Конец сороковых и начало пятидесятых — угрюмое время.

Светлый мир эберлинговской мастерской остался в идиллическом прошлом, я все еще жил какой-то малореальной жизнью. Учился (и довольно плохо) в заочной школе, стало быть, как и прежде, существовал в пространстве совершенно замкнутом. Читал невероятно взрослые книжки, делал декорации для настольного театра, перечитывал без конца Станиславского «Моя жизнь в искусстве».

Вместе с тем страстно был увлечен невероятным по экзотике, мелодраматичности и пышности фильмом «Индийская гробница». Какие страсти, какая красавица-магарани Индира, какой храбрец ее возлюбленный — немецкий инженер Гарольд (в немецком оригинале он был «Саша»!), как благороден ее муж — магараджа Чандра, как коварен его соперник принц Рамигани, какие тигры, слоны, перестрелки, похищения — от дворцов Эшнапура до берлинского Палас-театра! Поскольку фильм был трофейный и имен актеров не знали, ходили слухи, что несравненную Зиту играл юноша (на самом деле — актриса Ла Яна). Двухсерийную картину Ричарда Айхберга немецкого предвоенного (1938) производства показывали в консерватории, никакие кинотеатры не вместили бы и малую часть жаждущих. Изящные старушки-билетерши Большого зала перед впуском беснующейся публики отлеживались на банкетках.

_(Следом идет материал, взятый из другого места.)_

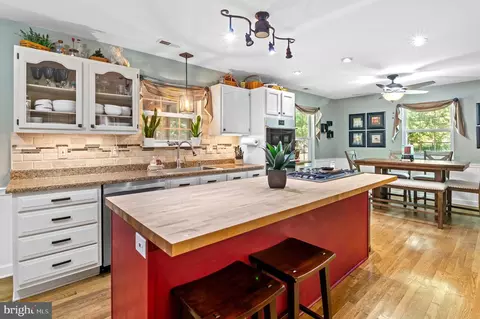 Kitchen - 3564 Edgemont St, Edgewater, MD 21037 photo 1 of 6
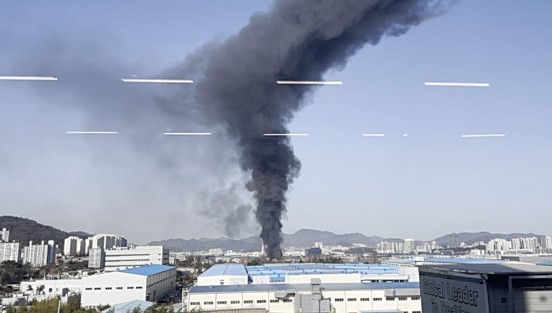 ▲ 14일 창원국가산단 공장 화재로 발생한 연기. ⓒ연합뉴스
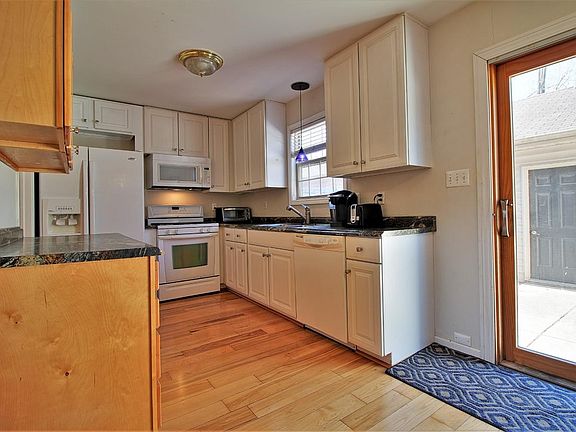 5th image of 8798 Saint James Pl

«Детство, отрочество и юность» смешались, вплелись в клубок страхов, унижений, нищеты.

Еще в 1950 году (мне порой приходится нарушать хронологию рассказа) в надежде получить «официальное» образование, не сказав Эберлингу, я несколько месяцев проучился в достаточно убогом Художественно-графическом училище. Сбежал оттуда быстро: атмосфера советского техникума, от которой не спасали даже вовсе не плохие учителя рисунка, необходимость делать композиции на производственные темы после мастерской Альфреда Рудольфовича была невыносимой. Там пережил и публикацию труда Сталина «Марксизм и вопросы языкознания». Тогда редкие появления вождя на общественной сцене всех необычайно возбуждали — ожидали перемен, перестановок, обвинений, репрессий, даже амнистий. Новые установки таили в себе волнующую неясность, а для наивных — и смутные надежды.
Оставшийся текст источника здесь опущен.